## [YOUR OBJECTIVE]
Word for word, transcribe the lines below and drop the pictures.

START SOURCE DATA

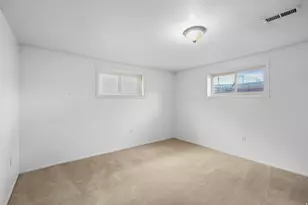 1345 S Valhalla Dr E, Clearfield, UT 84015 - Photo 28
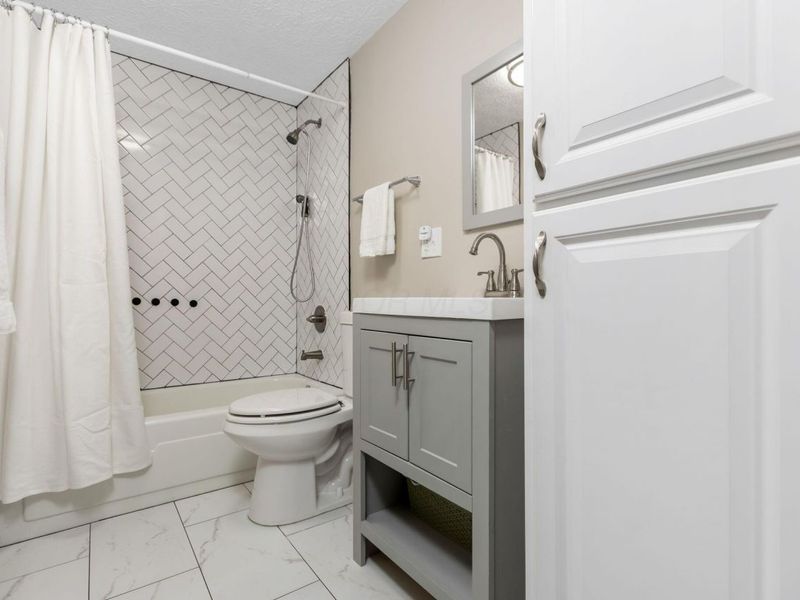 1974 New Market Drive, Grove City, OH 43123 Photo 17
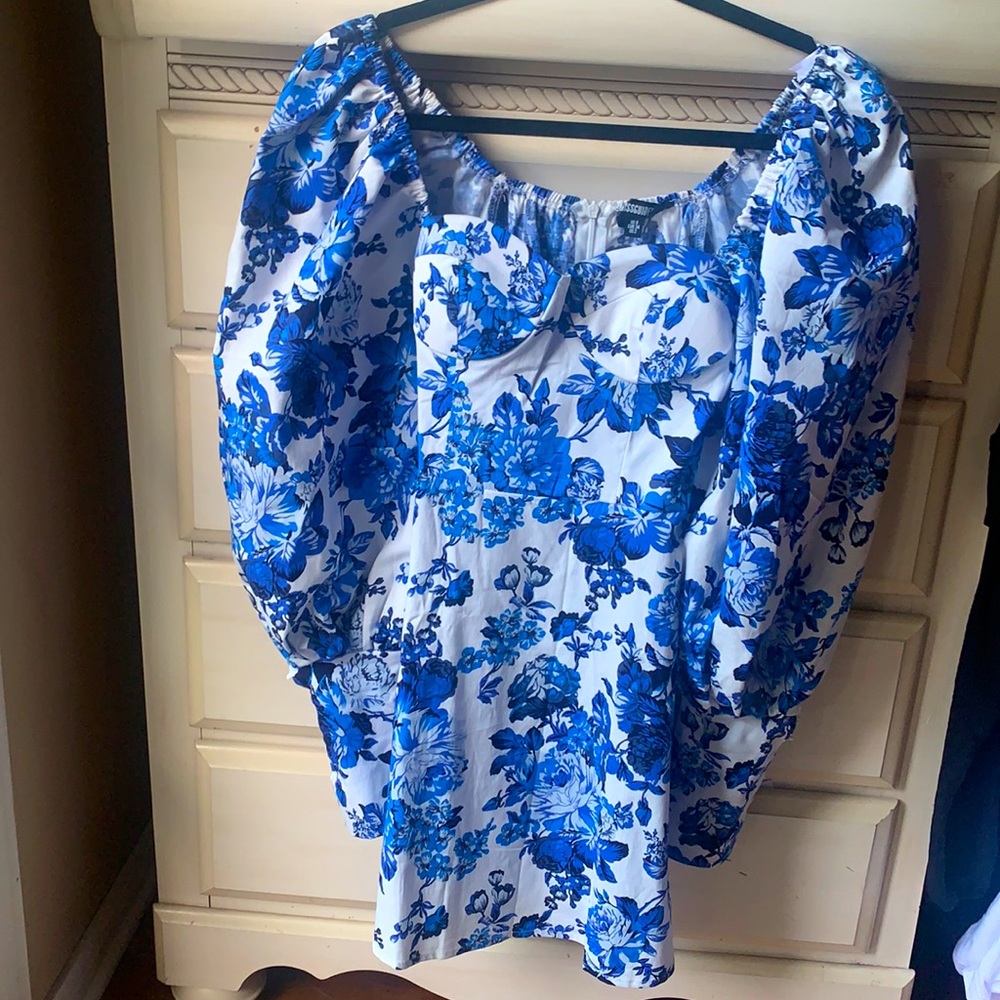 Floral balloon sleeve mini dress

END SOURCE DATA

## [ANSWER BOX]
 1345 S Valhalla Dr E, Clearfield, UT 84015 - Photo 28
 1974 New Market Drive, Grove City, OH 43123 Photo 17
 Floral balloon sleeve mini dress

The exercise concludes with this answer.